Exercise materials Block Start

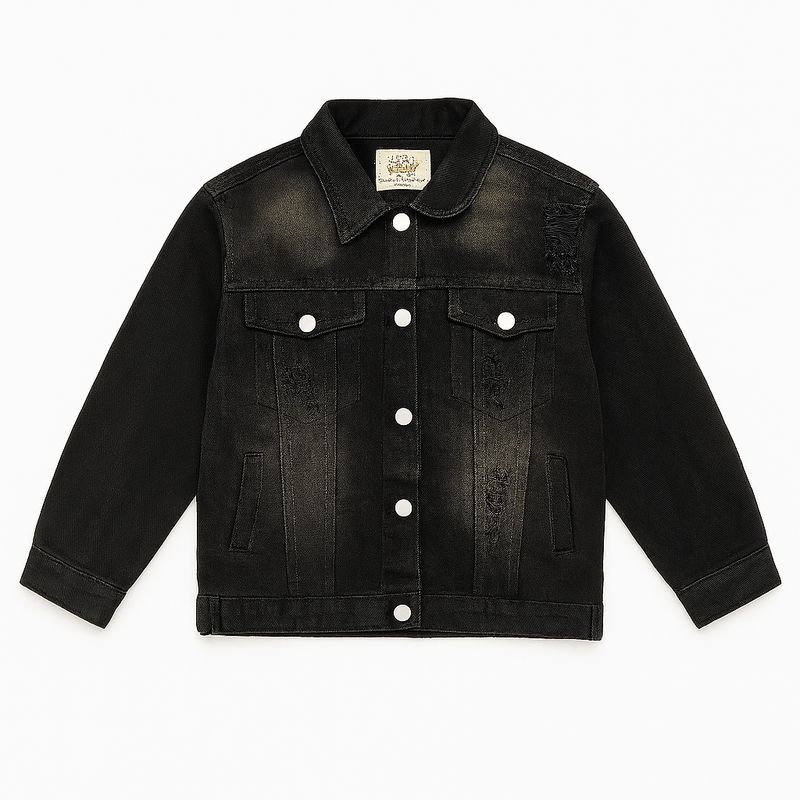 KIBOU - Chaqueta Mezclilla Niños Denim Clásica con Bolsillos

Exercise materials Block End
Exercise materials Block Start

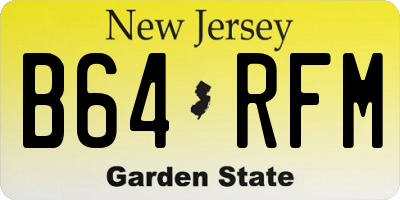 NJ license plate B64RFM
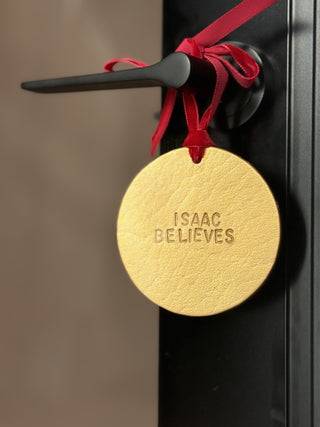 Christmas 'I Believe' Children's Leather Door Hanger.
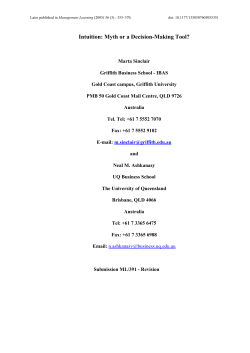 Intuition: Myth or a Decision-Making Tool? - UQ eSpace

Exercise materials Block End

-- Task item --
Give again, exactly as written above, every line from the one holding "NJ license plate B64RFM" to the one holding "Intuition: Myth or", with both ends kept and the pictures left out.

-- Answer --
 NJ license plate B64RFM
 Christmas 'I Believe' Children's Leather Door Hanger.
 Intuition: Myth or a Decision-Making Tool? - UQ eSpace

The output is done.